Executing "maven build-all" from the top level builds both subprojects 
and "maven multiproject:site" generates a (skeletal) integrated site. 
The core package can also be built by itself by executing maven build 
from the /core subdirectory.  The multiproject:site goal will fail if 
you do not -P the old top-level src directory.

There is one lonely test included, adapted from 
o.a.geronimo.naming.java.BasicContextTest.  The test does not use the 
APIs in what will likely turn out to the natural way, but it does 
illustrate at least one way to get basic lookups to work.
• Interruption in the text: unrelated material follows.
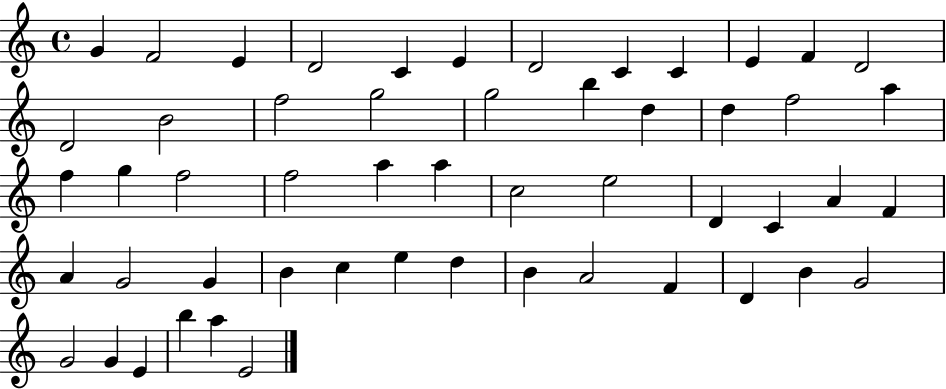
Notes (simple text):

I am still sorting through the code and reverse-engineering tomcat's use 
of it so that I can develop some real tests.  Any suggestions (or 
better, patches!) would be appreciated.

I have also started thinking about what makes sense in terms of loading 
naming data from XML files.  There are plenty of ways to do this, what 
requires a little thought is what exactly we want to do.  If all we want 
to do is to support loading strings as property values in naming 
contexts, that is straightforward. If, on the other hand, we want to try 
to generalize tomcat's server.xml + digester + naming to configure jndi 
resources "generically" that is much harder.  Does this even make sense? 
  What does make sense "generically"?

One more thing that I have seen requested a few times on tomcat-user is 
the idea of a "standalone" JNDI provider.  I have also been thinking 
about that.  The problem is how to handle the remoting -- not so much 
from a protocol standpoint as from a reference marshalling and container 
services standpoint.  What people seem to want, for example, is to be 
able to get JNDI Datasources from a "standalone" provider.  If we want 
to support this, we need to either handle a three-way communication 
between our client, a container and a database (not a happy prospect) or 
get into the pool management business (not likely a good idea either). 
Am I missing a simple way to meet this need?